There's an important example from algorithmic complexity theory.
The Boolean satisfiability problem (SAT) consists,
given $n$ Boolean variables $x_1, \dots, x_n$,
in asking whether we can assign truth values to these variables
in a way that makes a given Boolean expression true,
where the expression can use conjunction
($\wedge$, "and"), disjunction ($\vee$, "or"), and negation ($\neg$).

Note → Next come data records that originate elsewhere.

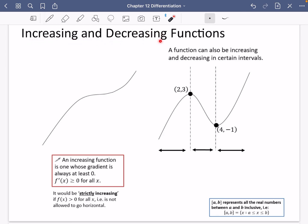We're going to be talking about increasing and decreasing functions, and they kind of do exactly what you might expect them to be. This is an example of a function which we would call an increasing function, because as you go across the page, it is always going up, apart from at this one point here where it seems to be quite flat. But that's because of the definition of an increasing function.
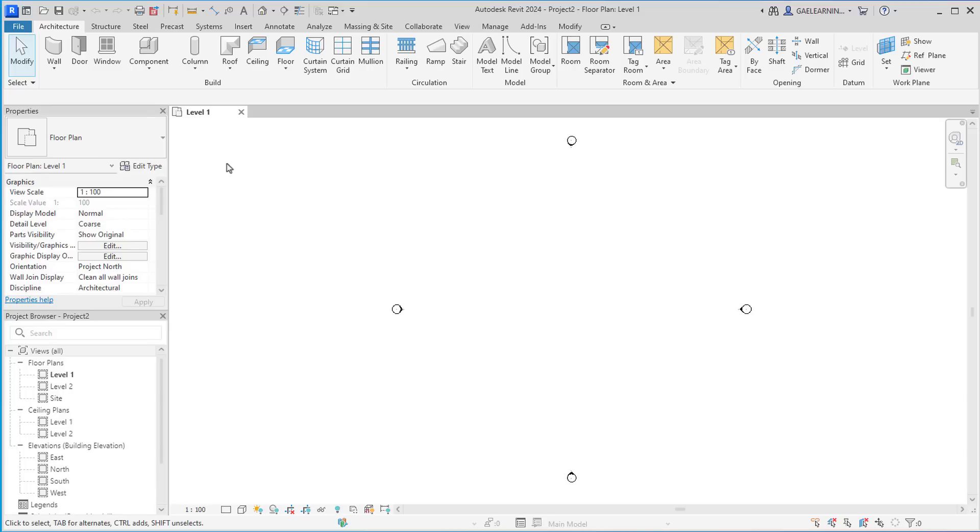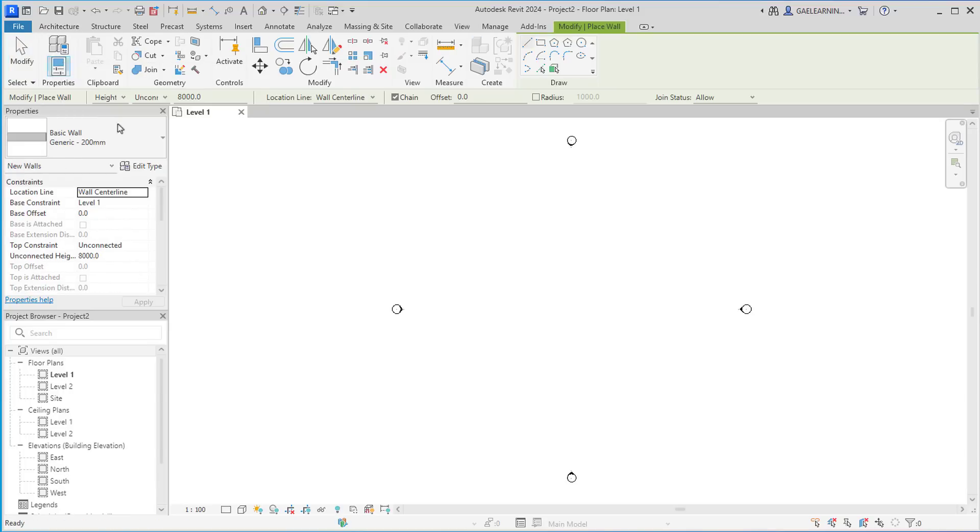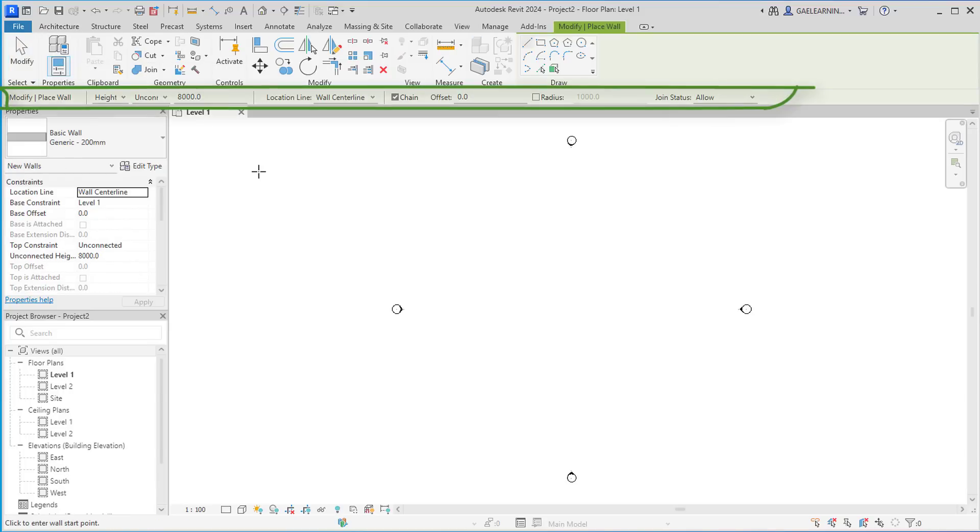To get a better understanding of what I mean, I will activate the wall tool. Now as you can see, a variety of options appear.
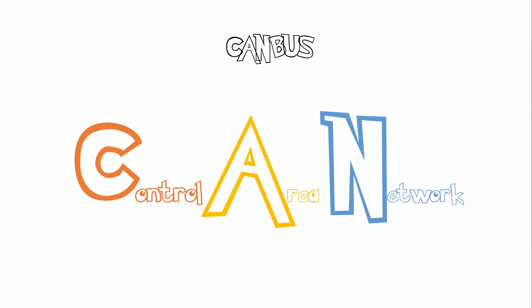Hey guys and welcome to another fun and easy lecture on CANBUS. So what is CANBUS? It stands for Control Area Network.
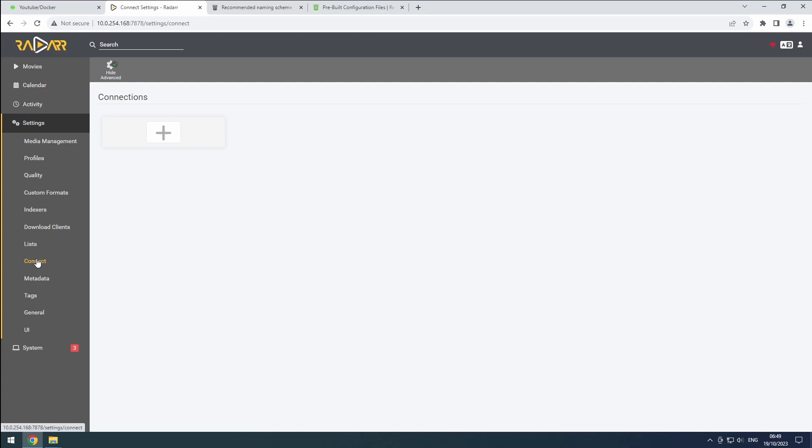And just like that, our 1080p Radar instance is correctly configured and almost ready for use. Don't forget to add Radar to Heimdall and enable the Auto Start option on the Docker dashboard. Thanks for watching.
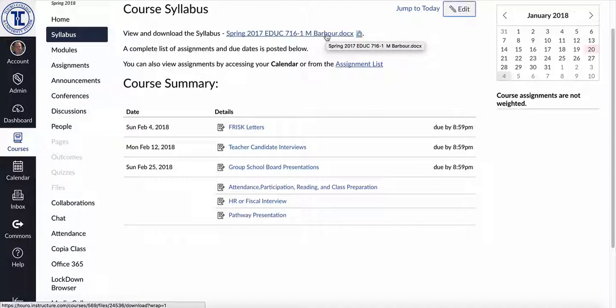So that's how you would update and add your syllabus into your course in Canvas.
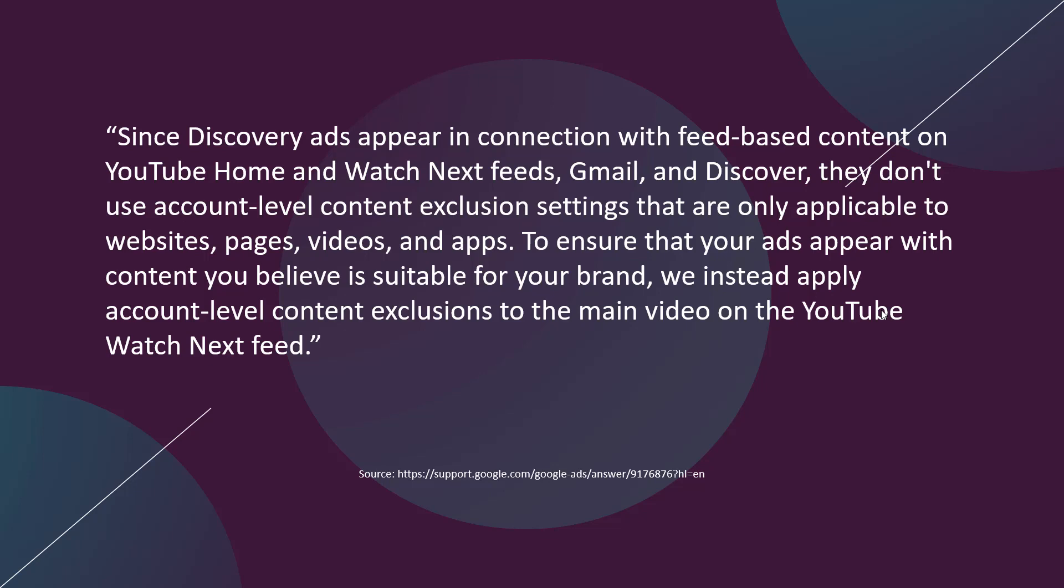Google makes one more statement of clarification about content exclusions. Since Discovery ads appear in connection with feed-based content on YouTube Home and Watch Next feeds, Gmail, and Discover, they don't use account-level content exclusion settings that are only applicable to websites, pages, videos, and apps.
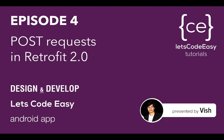Welcome back to another episode of Let's Go DC tutorial. This time we will be looking at how to create POST requests in Retrofit 2.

For example, the expression
$$(x_1 \wedge \neg x_2) \vee (x_2 \wedge x_3)$$
is satisfiable:
setting $x_1 = \top$, $x_2 = \bot$, $x_3 = \top$ makes it true
(where $\top$ and $\bot$ denote true and false respectively).
Note that variables can appear multiple times in the expression,
as $x_2$ does above.
In contrast, the expression
$$x_1 \wedge \neg x_1$$
is not satisfiable,
as no truth value for $x_1$ can make this true.
We can consider restricted versions of SAT.
The 2-SAT problem only considers expressions
formed by taking the conjunction of clauses,
where each clause is the disjunction
of two (possibly negated) variables.
For example:
$$(x_1 \vee x_2) \wedge (\neg x_1 \vee x_3) \wedge (x_2 \vee \neg x_3).$$
Similarly, 3-SAT restricts to expressions
where each clause is the disjunction
of three (possibly negated) variables, for example:
$$(x_1 \vee x_2 \vee x_3) \wedge (\neg x_1 \vee x_2 \vee \neg x_4) \wedge (x_2 \vee x_3 \vee x_4).$$
These two problems, while syntactically similar,
have fundamentally different relationships to the SAT problem.
Through a straightforward but clever construction,
any SAT instance can be transformed into an equivalent 3-SAT instance
by introducing auxiliary variables -- this is called a reduction.
For example, the clause $(x_1 \vee x_2 \vee x_3 \vee x_4)$
can be replaced by $(x_1 \vee x_2 \vee y) \wedge (x_3 \vee x_4 \vee \neg y)$
where $y$ is a new auxiliary variable.
No such reduction to 2-SAT exists in general.
This is already a big difference between 2 and 3,
but it actually goes a lot deeper.
We can algorithmically solve any 2-SAT instance in linear time
by reducing the problem to finding
the strongly connected components of a directed graph,
making 2-SAT a problem of the class P, i.e.,
of problems that can be algorithmically solved in polynomial time.
In contrast, 3-SAT is NP-complete.
Cook's theorem (1971) showed that every problem in NP can be reduced to SAT,
and the reduction from SAT to 3-SAT then implies that 3-SAT is also NP-complete.
Under the assumption that P≠NP,
this means that while 2-SAT can be solved efficiently,
no polynomial-time algorithm can solve 3-SAT in general.